MIDTERM
CS522, Winter 2011



1. Consider the following FP-tree

[FP-tree]

Let minimum support count min_sup = 2.

(a) (15pt) List all the frequent itemsets with their support counts

(b) (5pt) List all the closed frequent itemsets with their support counts.

(c) (5pt) List all the maximal frequent itemsets.

2. (15pt) Consider the following sequences

<(ab)(c)>
<(ac)(bc)>
<(b)(b)(bc)>
<(ad)(b)(d)>
<(cd)(c)(d)>

Let minimum support count min_sup = 2. Use the GSP algorithm to find all the frequent sequences.

3. Consider the following dataset

a1 a2 a3 Class
0 1 0 1
1 1 0 0
0 0 1 1
1 0 1 0
0 0 0 0

(a) (20pt) Construct a Decision Tree to classify the record (0,1,1,?).

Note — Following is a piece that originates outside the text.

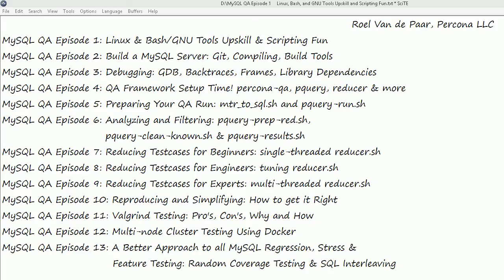In the final episode, we will show a little bit of what our vision is for MySQL regression, stress, and feature testing. We'll look into random coverage testing, random spread coverage testing, and SQL interleaving. If these things are done in a consistent way, then MySQL Quality Assurance takes on a very different dimension. I hope you enjoyed the series and the work that went into it — not just from me, but from all the people who have contributed to the pQuery framework, to debug reports, and to teaching me and others along the way. I also thank my employer, Percona, for allowing the time to get this all set up for you.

Use Information Gain with Entropy to determine the best splits for the decision tree.

(b) (20pt) Use Naive Bayesian Classification to classify the record (0,1,1,?).

4. Use the BBN shown on Slide #21 of the Lecture Notes on Bayesian Classification to compute the following probabilities:

(a) (10pt)  P(HD=Yes|E=Yes)

(b) (10pt)  P(HD=Yes|E=Yes,CP=No)